ERROR: Error in install.packages(nycflights13): object 'nycflights13' not found


## Overview
- What is the Tidyverse?
- Subpackages
- Piping
- `dplyr`

# What is the Tidyverse?

## Tidyverse
- "The tidyverse is a set of packages that work in harmony because they share common data representations and API design." -Hadley Wickham
- The variety of packages include `dplyr`, `tibble`, `tidyr`, `readr`, `purrr` (and more).

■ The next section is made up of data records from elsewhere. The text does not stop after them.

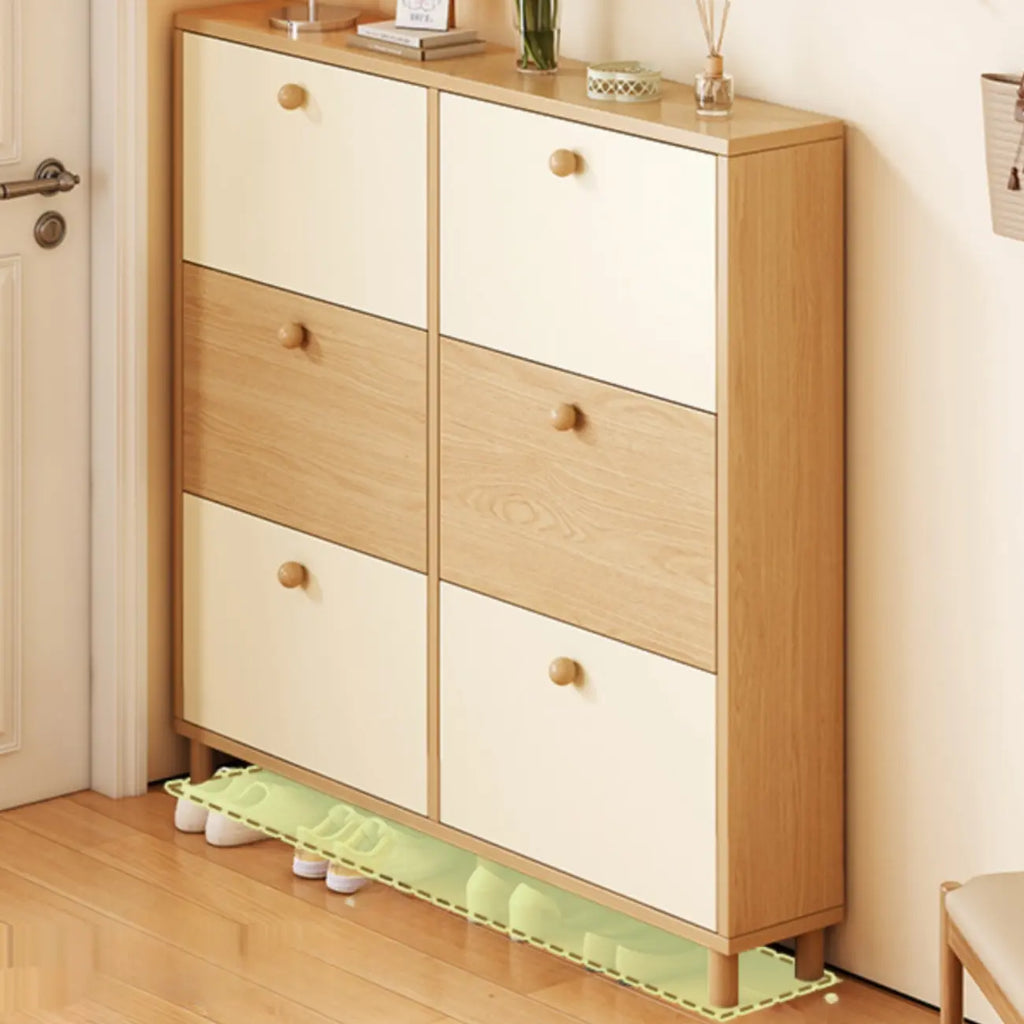Vertical Wooden Shoe Cabinet for Entryway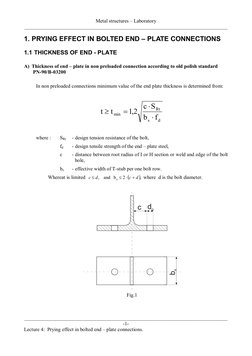 Metal structures – Laboratory 
________________________________________________________________________________ 
____________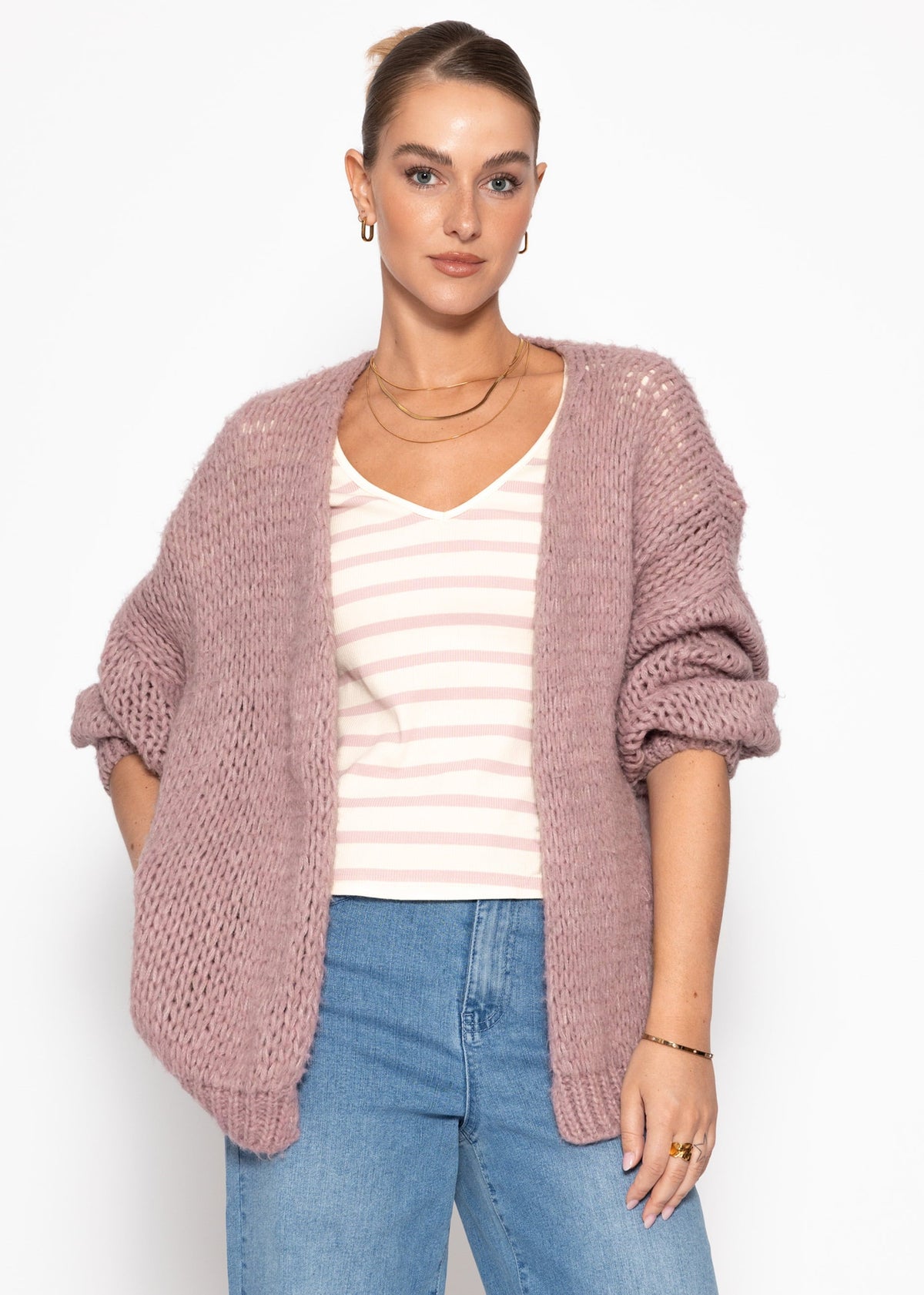 Cardigan Oversize - rose pâle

![](http://r4ds.had.co.nz/diagrams/data-science-explore.png)
- From [R for Data Science](http://r4ds.had.co.nz/explore-intro.html) by [Hadley Wickham](https://github.com/hadley)

## Piping
- `%>%` Is used to help to write cleaner code.
- It is loaded by default when running the `tidyverse`, but it comes from the `magrittr` package.
- Input from one command is piped to another without saving directly in memory with an intermediate throwaway variable. 

In [None]:
mpg<-mpg

#This just gives a dataframe with 70 obs, only 8 cylinder cars 
mpg.8cyl<-mpg %>% 
  filter(cyl == 8)

#This takes the mean city MPG by manufacturer 
mpg.8cyl %>% #This starts with are saved dataframe.
 group_by(manufacturer) %>% 
 summarise(citympg = mean(cty))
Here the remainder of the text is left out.